#### WORK INSTRUCTIONS:
Please transcribe the lines below exactly, and leave every image behind.

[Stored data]
____

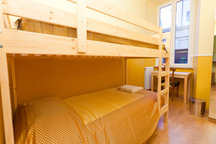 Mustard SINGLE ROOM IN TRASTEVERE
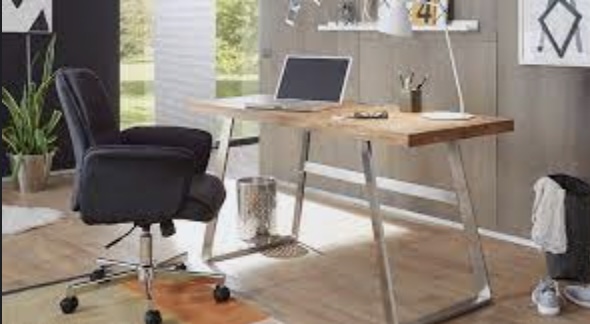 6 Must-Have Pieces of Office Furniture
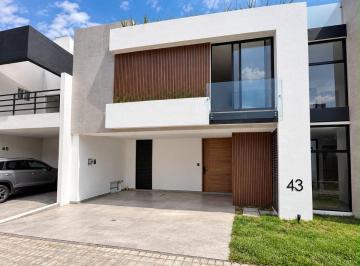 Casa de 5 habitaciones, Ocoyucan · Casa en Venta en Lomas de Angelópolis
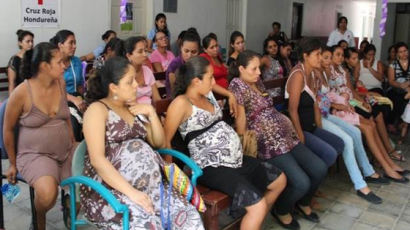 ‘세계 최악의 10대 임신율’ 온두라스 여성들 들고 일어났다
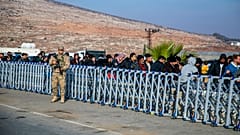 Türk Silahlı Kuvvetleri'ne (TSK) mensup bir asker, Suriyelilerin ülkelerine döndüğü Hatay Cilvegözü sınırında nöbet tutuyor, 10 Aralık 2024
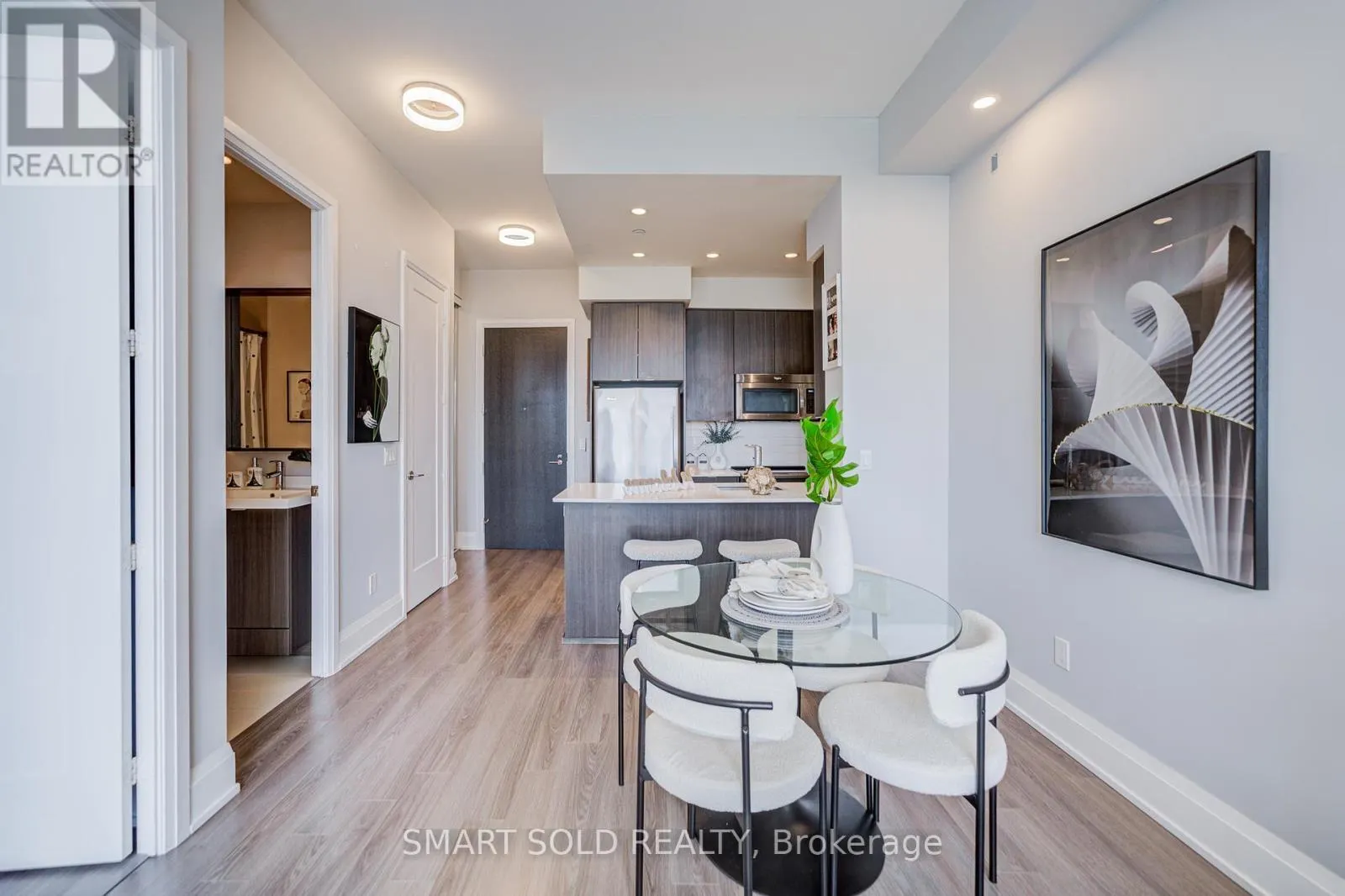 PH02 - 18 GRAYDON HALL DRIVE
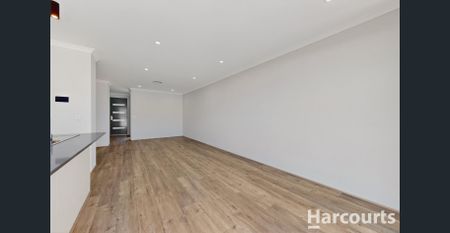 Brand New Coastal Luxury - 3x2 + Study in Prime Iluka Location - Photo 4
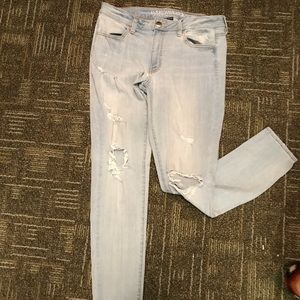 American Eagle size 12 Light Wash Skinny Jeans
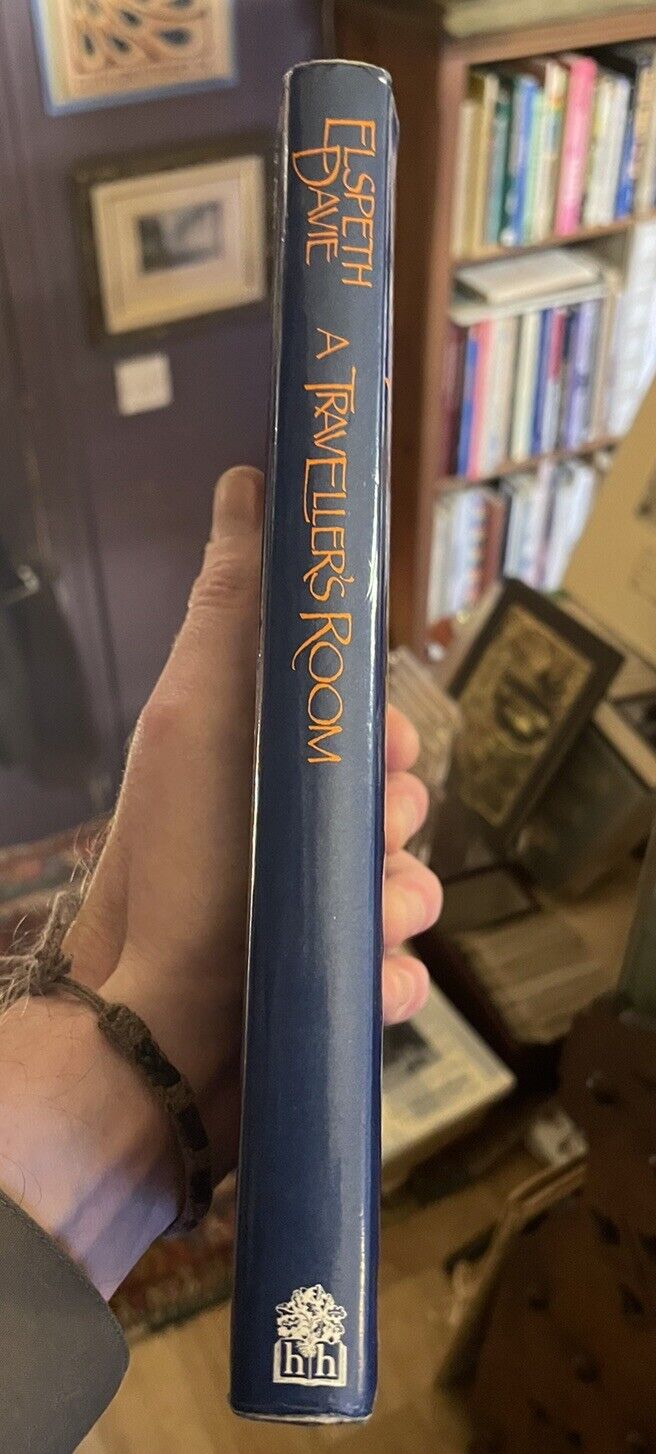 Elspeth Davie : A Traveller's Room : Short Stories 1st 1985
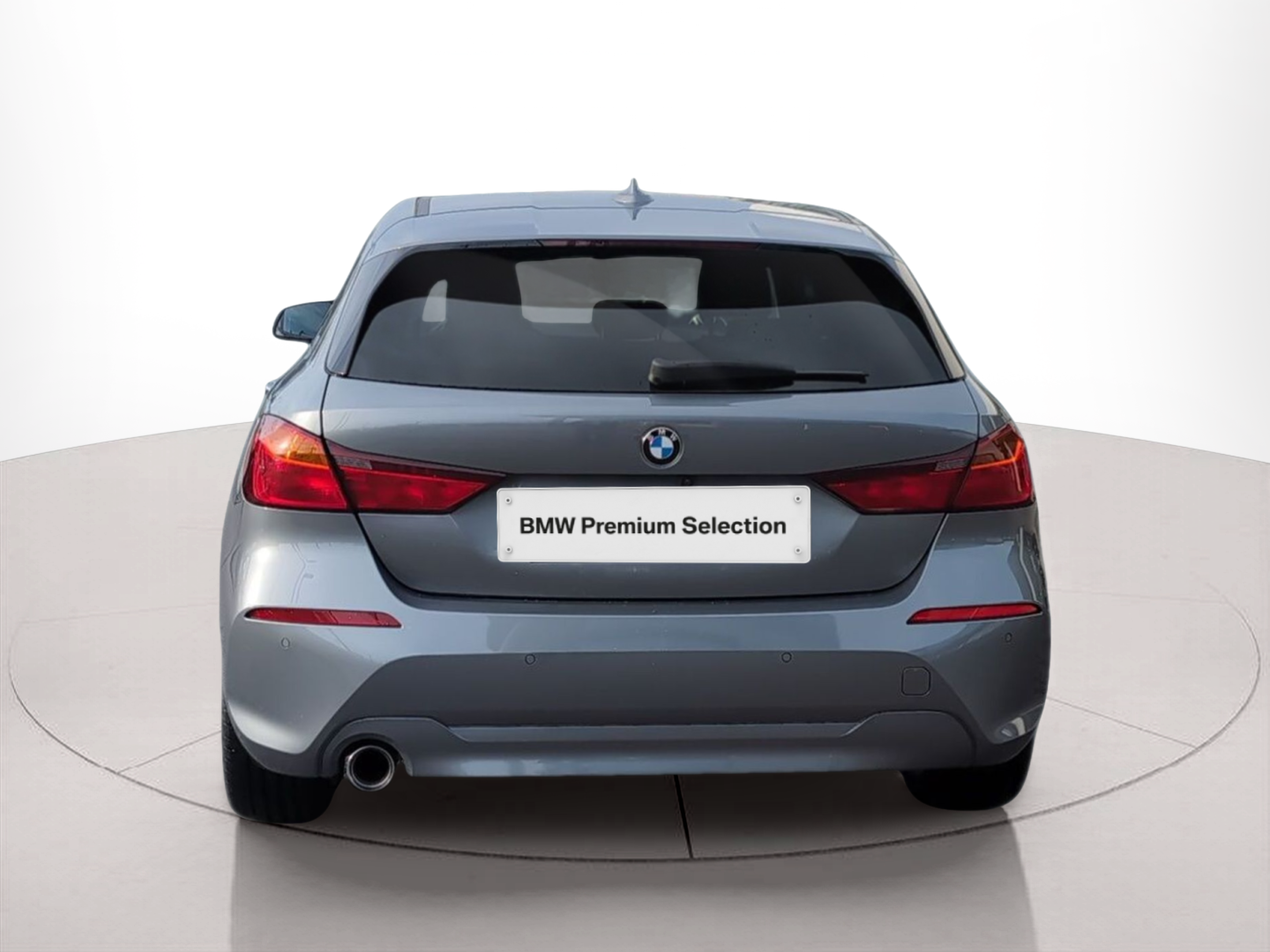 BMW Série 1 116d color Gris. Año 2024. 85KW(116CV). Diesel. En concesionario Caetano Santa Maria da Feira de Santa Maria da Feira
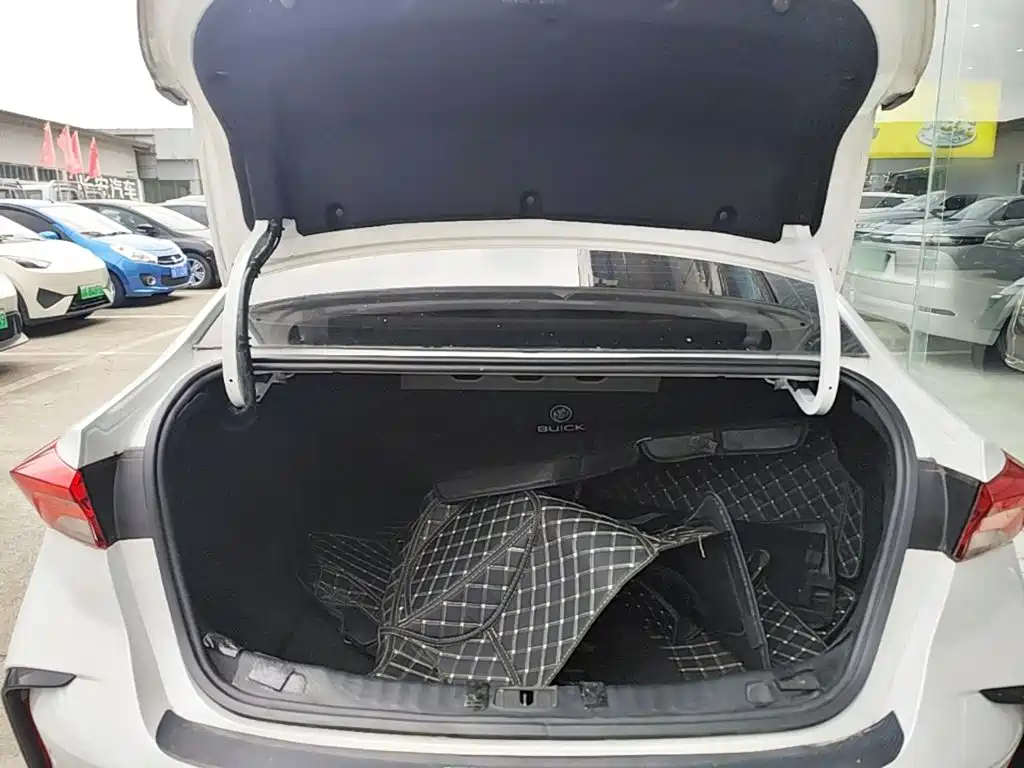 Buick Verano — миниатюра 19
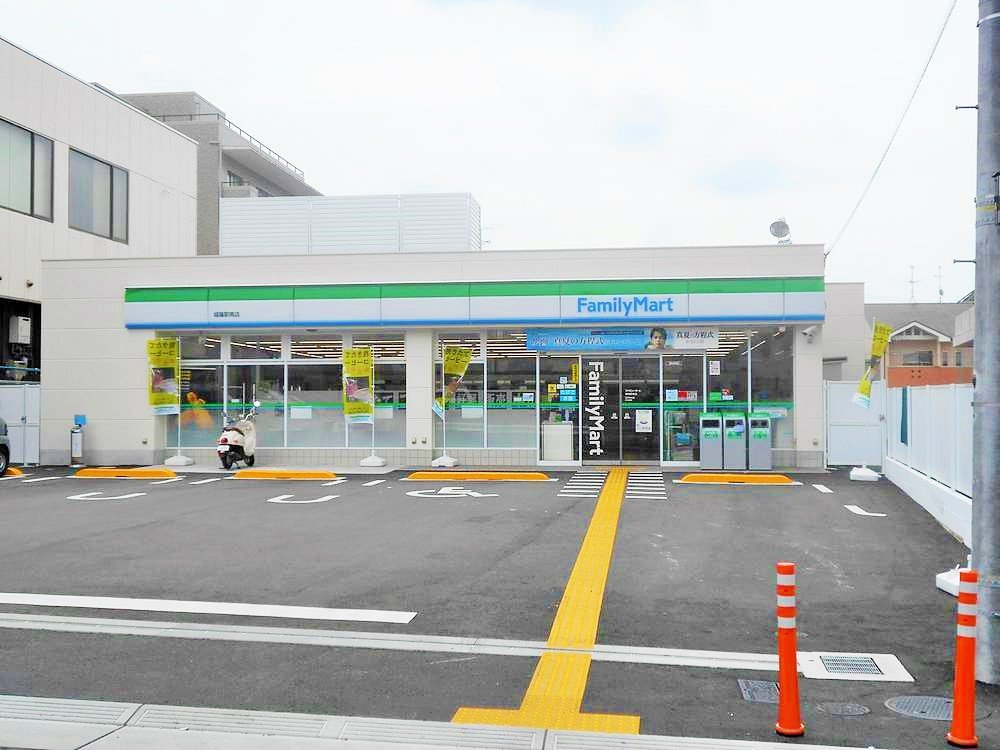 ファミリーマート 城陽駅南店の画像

____

#### YOUR SOLUTION:
 Mustard SINGLE ROOM IN TRASTEVERE
 6 Must-Have Pieces of Office Furniture
 Casa de 5 habitaciones, Ocoyucan · Casa en Venta en Lomas de Angelópolis
 ‘세계 최악의 10대 임신율’ 온두라스 여성들 들고 일어났다
 Türk Silahlı Kuvvetleri'ne (TSK) mensup bir asker, Suriyelilerin ülkelerine döndüğü Hatay Cilvegözü sınırında nöbet tutuyor, 10 Aralık 2024
 PH02 - 18 GRAYDON HALL DRIVE
 Brand New Coastal Luxury - 3x2 + Study in Prime Iluka Location - Photo 4
 American Eagle size 12 Light Wash Skinny Jeans
 Elspeth Davie : A Traveller's Room : Short Stories 1st 1985
 BMW Série 1 116d color Gris. Año 2024. 85KW(116CV). Diesel. En concesionario Caetano Santa Maria da Feira de Santa Maria da Feira
 Buick Verano — миниатюра 19
 ファミリーマート 城陽駅南店の画像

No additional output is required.